▶ DIRECTIONS FOR THIS TASK: Skip the images and return the records below exactly.
────
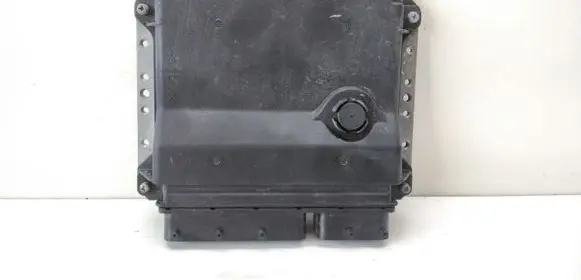 Toyota Auris 150 Engine control unit/module 8966102D82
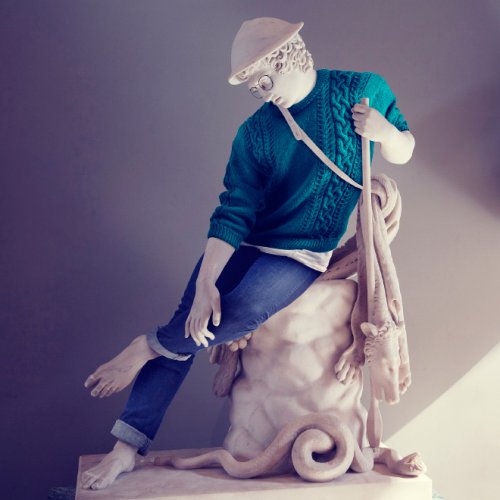 Классические скульптуры, облачённые в хипстерскую одежду (14 фото)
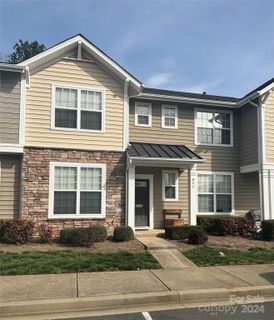 825 Lacebark Drive
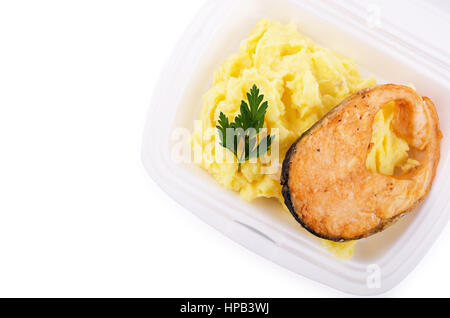 Gebratenen Fisch Steak frisch mit Kartoffelbrei in weißen Plastikplatte auf weißem Hintergrund Stockfoto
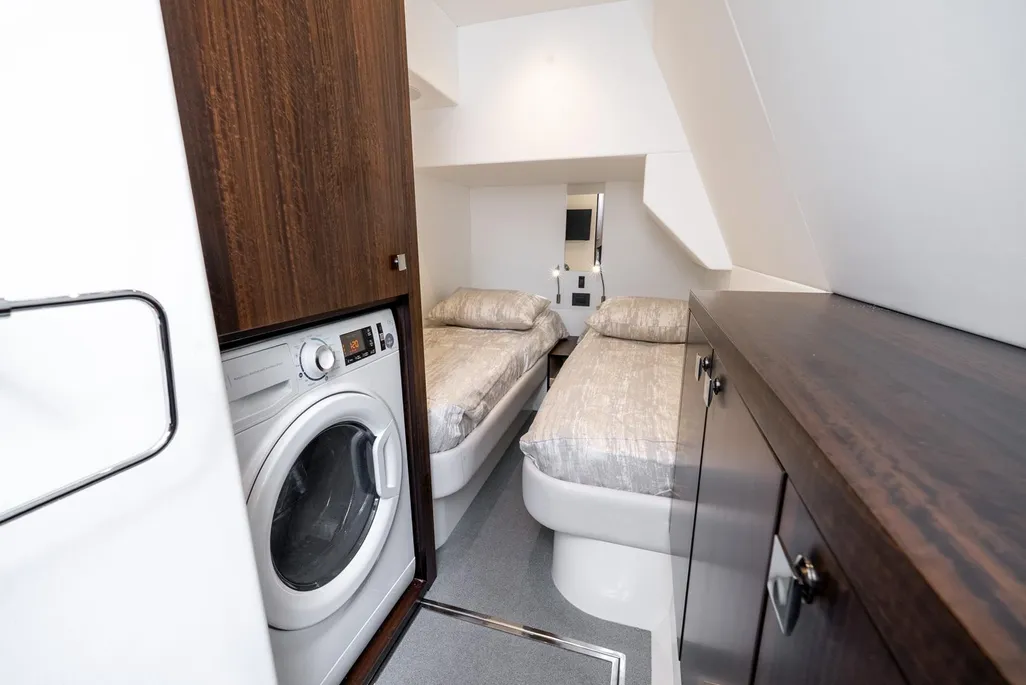 68-2024-sunseeker-17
────
▶ SOLUTION TO THE PROBLEM:
 Toyota Auris 150 Engine control unit/module 8966102D82
 Классические скульптуры, облачённые в хипстерскую одежду (14 фото)
 825 Lacebark Drive
 Gebratenen Fisch Steak frisch mit Kartoffelbrei in weißen Plastikplatte auf weißem Hintergrund Stockfoto
 68-2024-sunseeker-17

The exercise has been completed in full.